Analysts Siddhartha Sanyal and Kumar Rachapudi said while the August inflation print was not way above market expectations, it is still too high for comfort at the central bank.
Food inflation continues around the double-digit mark. Pressures from manufacturing inflation also remain stubborn. Most importantly, non-food manufacturing inflation – the so called ‘core’ rate – staying above 7.5 per cent year on year in August offers the RBI very little room to pause, as the central bank has been highlighting this indicator as a key driver of policy for several months.
The sharp downside surprise in headline industrial production (IP) data, in our view, will have far less bearing on the overall policy stance.
“In fact, we believe, the underlying trend in IP is clearly more stable than what the July headline print suggested – excluding just a couple of volatile sub-components, IP actually rose 6.8 per cent year on year in July,” they said.
Undoubtedly, the re-intensification of global growth concerns over the past couple of weeks will play a significant role in the RBI’s thinking ahead of this week’s meeting.
Heightened global uncertainty will likely cause the RBI to wait until the last possible minute to decide its move, and the risks of any sudden further deterioration of the global financial markets pushing the RBI into a pause are non-negligible.

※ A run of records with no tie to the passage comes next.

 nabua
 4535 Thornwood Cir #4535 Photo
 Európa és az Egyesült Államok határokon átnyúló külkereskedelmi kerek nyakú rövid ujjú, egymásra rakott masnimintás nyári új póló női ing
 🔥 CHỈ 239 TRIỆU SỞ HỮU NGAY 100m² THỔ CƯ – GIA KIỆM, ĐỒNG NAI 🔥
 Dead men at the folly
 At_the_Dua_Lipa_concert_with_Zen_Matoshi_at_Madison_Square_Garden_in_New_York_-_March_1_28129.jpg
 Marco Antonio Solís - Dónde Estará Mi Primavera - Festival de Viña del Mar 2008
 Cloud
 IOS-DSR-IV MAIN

Nevertheless, given the RBI’s recent demonstrated bias of staying focused on containing inflation rather than any other objective, consistency on the part of the central bank would mean that the RBI will stay focused on inflation management.

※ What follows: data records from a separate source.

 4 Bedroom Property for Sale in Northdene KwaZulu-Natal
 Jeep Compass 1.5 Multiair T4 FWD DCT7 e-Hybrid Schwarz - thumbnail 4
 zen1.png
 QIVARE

The central bank is likely to maintain a hawkish tone on domestic inflation. However, it is expected to accommodate its concerns about the global situation more in the upcoming policy release than the previous rounds of policy and, accordingly, will likely sound more cautious and watchful on that front.
“Given the global backdrop, while the market is still not pricing in the 25bp rate hike, we do not recommend paying 1y OIS outright. We suggest positioning via 1×2 flatteners with a target of -70bp (onshore). We recommend long positions in 10-year G-secs at current levels, targeting 8.0% in three months. While we think the risks of fiscal slippage remain high, recent statements by government officials have underscored their determination to meet the fiscal targets. We do not think the government will announce any increase in the expected Rs 1.67trn of issuance in the H2 FY11-12 calendar. Instead, we think the government is likely to front-load H2 borrowing and aim to complete it by end-January 2012, if not earlier. This would likely allow the government leave some room in the last two months of the fiscal year in case it needs to borrow additional amounts from the market,” they said.